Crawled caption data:
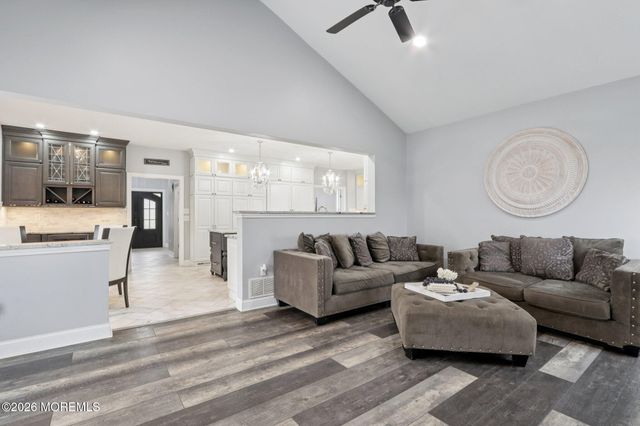 1 Trotter Way, Cream Ridge, NJ 08514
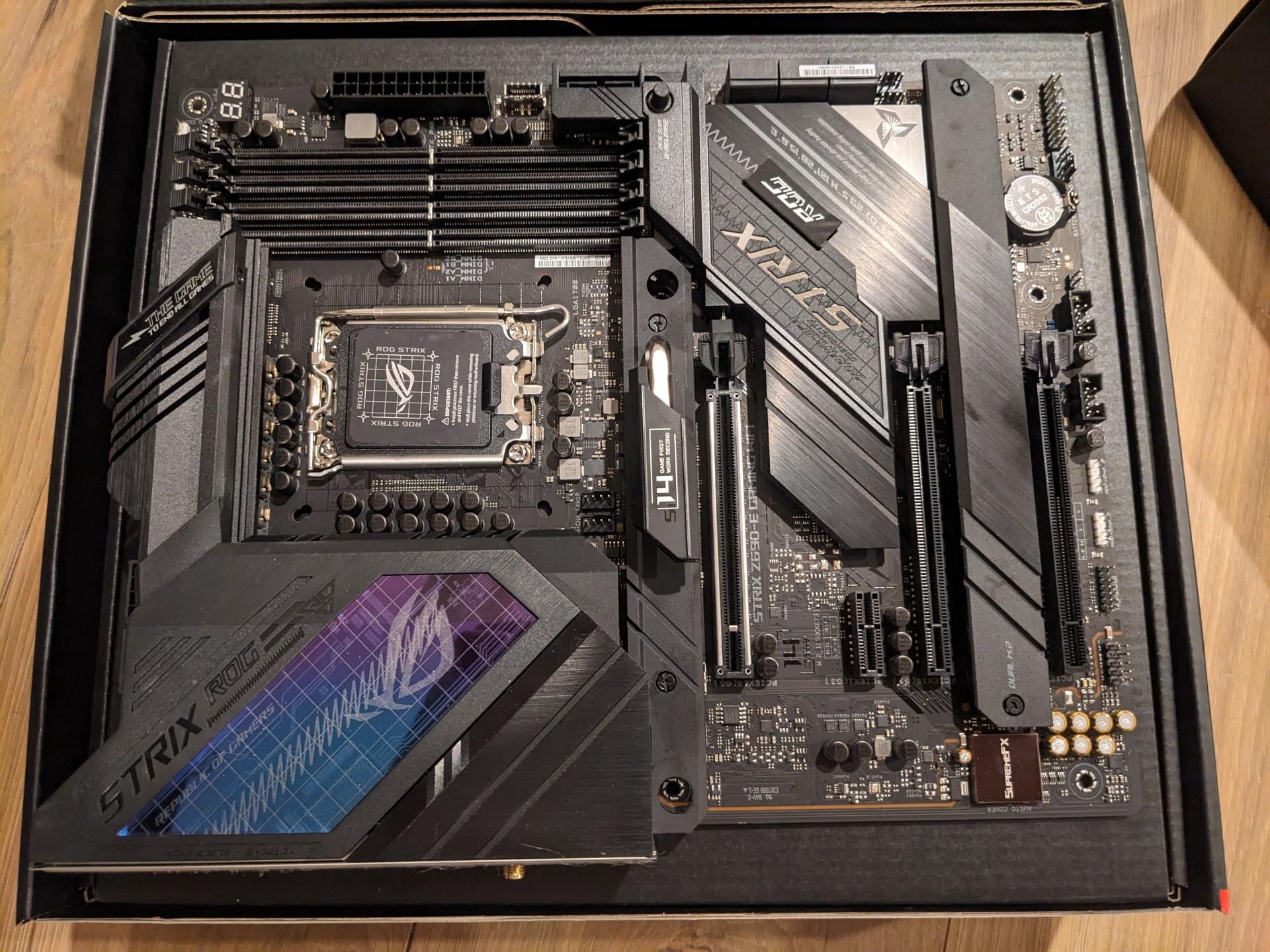 Intel Core i7-13700K w/ ASUS ROG Strix Z690-E Gaming WiFi 6E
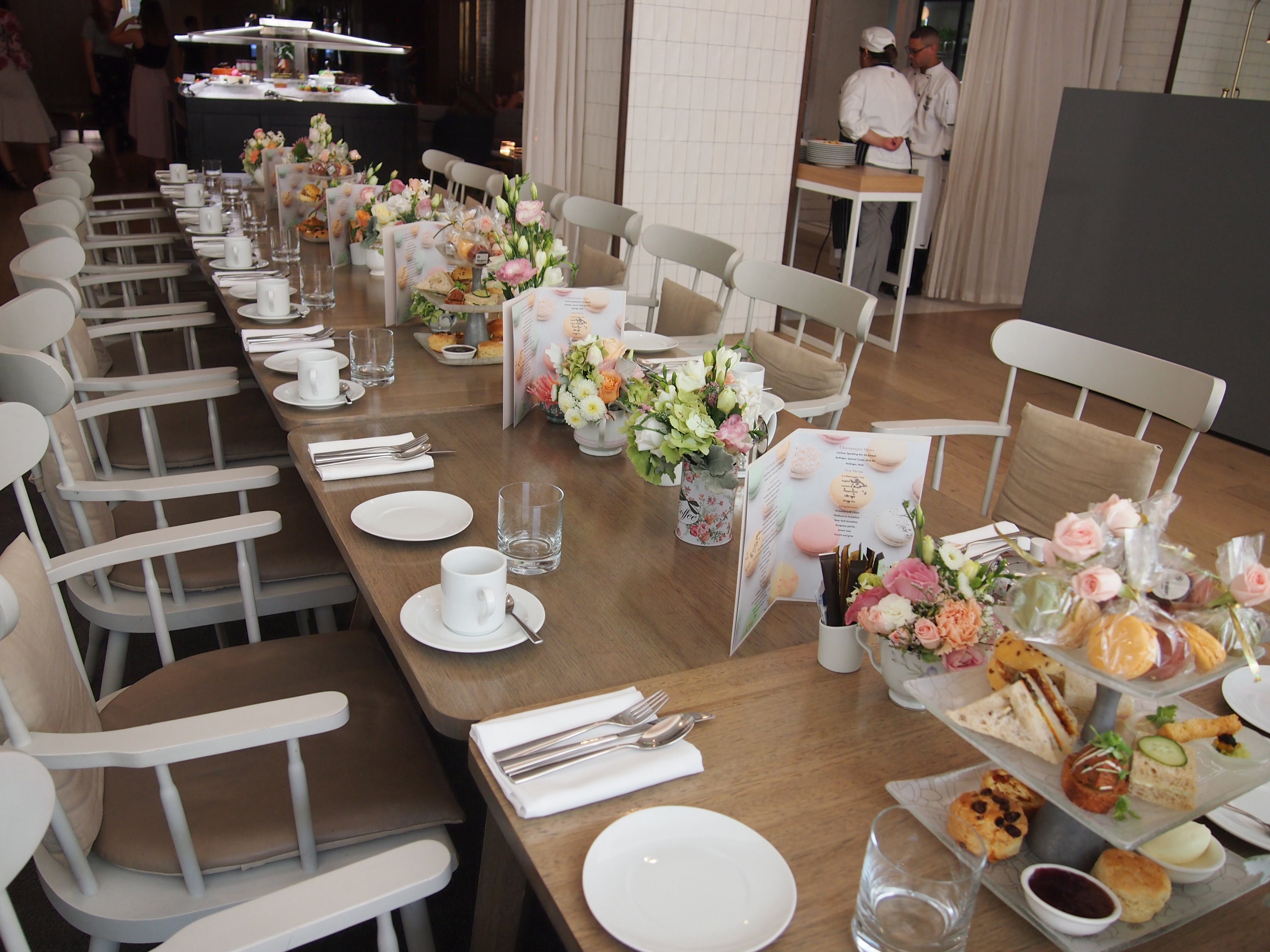 sheraton-melbourne-hotel-afternoon-tea-table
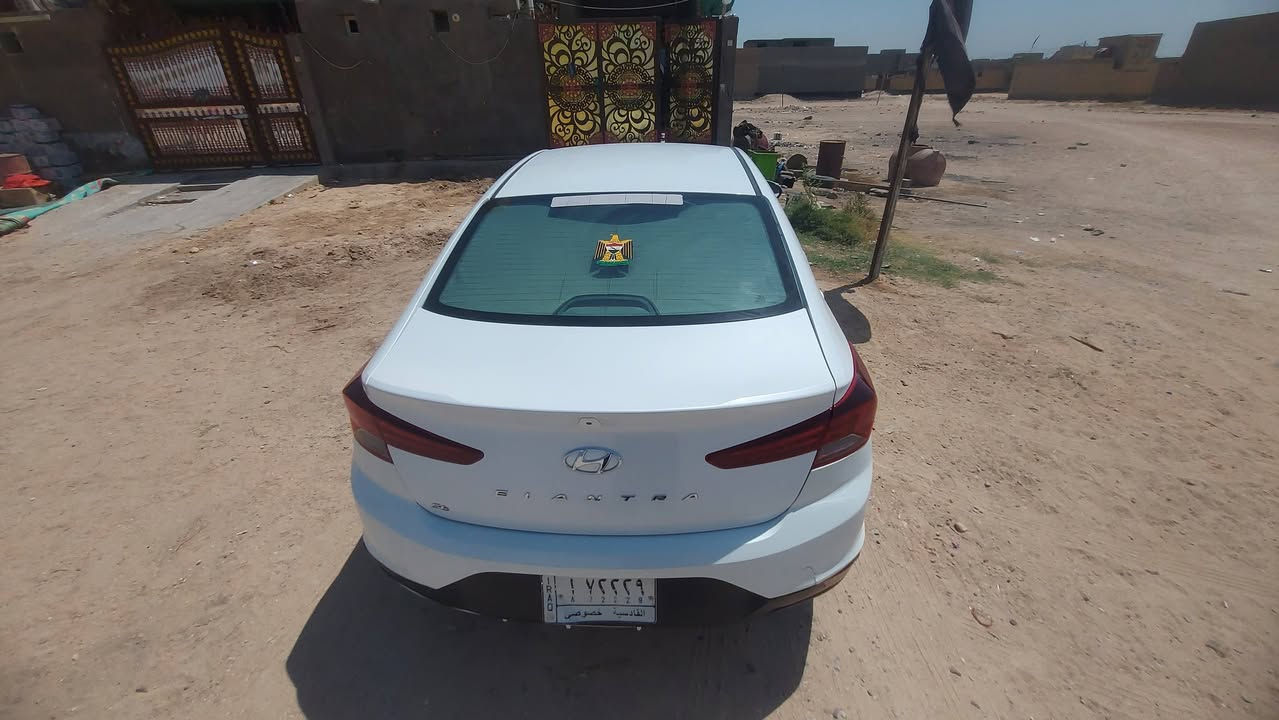 النتره  2020  وارد أمريكي   حادث  3قطع  2جاملق 
وبنيد بدون دواخل 
   مكانها  بل النجف
مكينه  2000دوش
السياره  خير من الله 
ماشيه 130الف
السعر       125 مجال   قليل
ه***********   
 الخاص    ماكو   
تعجبك     اتصل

_Requirement_. Apart from the pictures, all of the data should be repeated exactly.

_Exercise answer_.
 1 Trotter Way, Cream Ridge, NJ 08514
 Intel Core i7-13700K w/ ASUS ROG Strix Z690-E Gaming WiFi 6E
 sheraton-melbourne-hotel-afternoon-tea-table
 النتره  2020  وارد أمريكي   حادث  3قطع  2جاملق 
وبنيد بدون دواخل 
   مكانها  بل النجف
مكينه  2000دوش
السياره  خير من الله 
ماشيه 130الف
السعر       125 مجال   قليل
ه***********   
 الخاص    ماكو   
تعجبك     اتصل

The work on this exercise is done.